> **How to complete this task**:
Using the data below, restate exactly every line from the one with "Frankrijk, Medaille, La" up to and including the one with "ZIG ZAG - Kid's". No picture belongs in it.

> **Source records**:
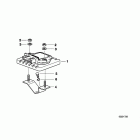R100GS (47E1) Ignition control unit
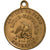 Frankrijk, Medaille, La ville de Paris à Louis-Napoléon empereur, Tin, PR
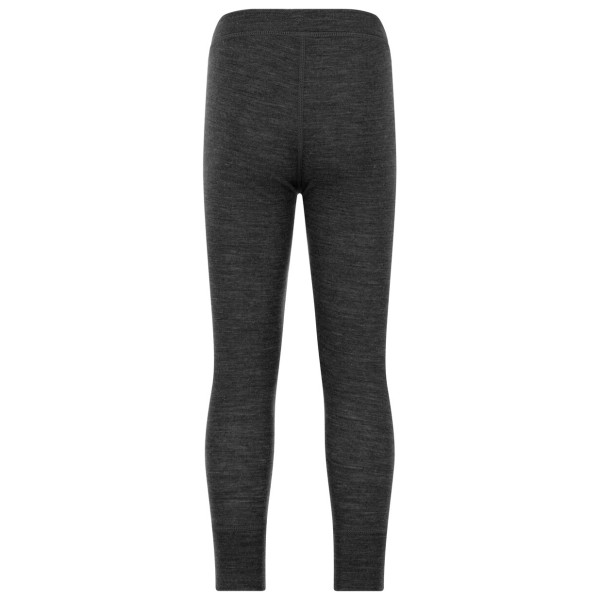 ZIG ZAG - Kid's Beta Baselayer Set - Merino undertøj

--

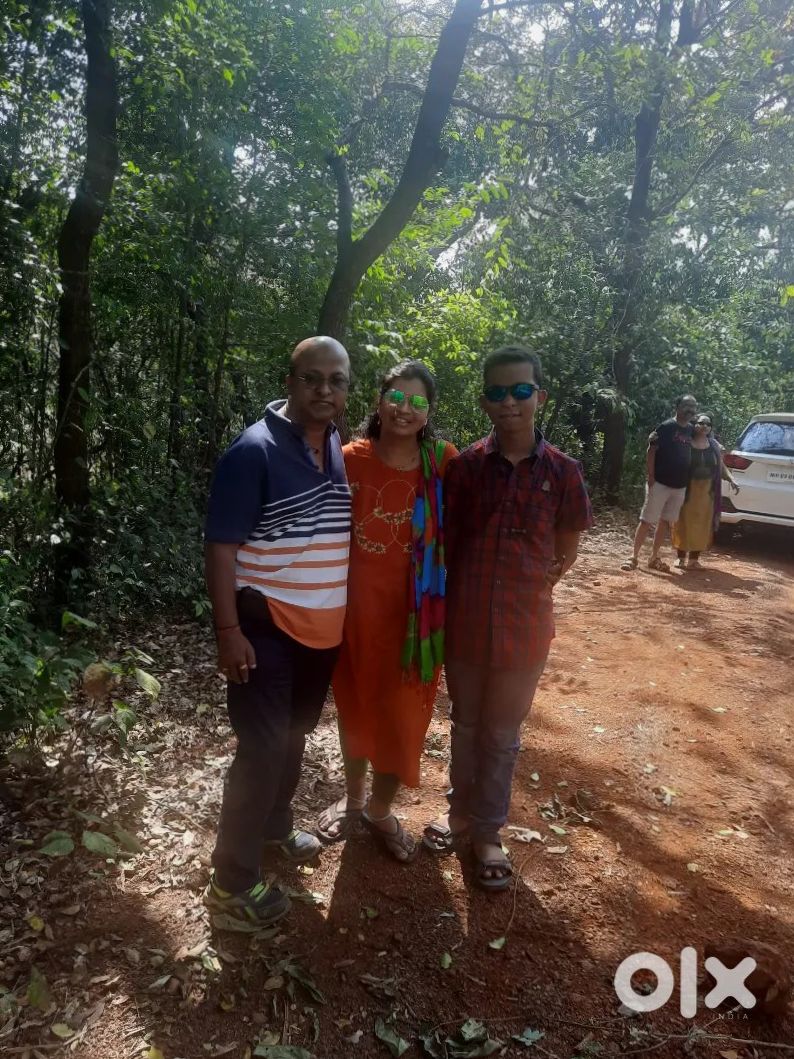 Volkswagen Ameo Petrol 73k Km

> **Answer to this task**:
 Frankrijk, Medaille, La ville de Paris à Louis-Napoléon empereur, Tin, PR
 ZIG ZAG - Kid's Beta Baselayer Set - Merino undertøj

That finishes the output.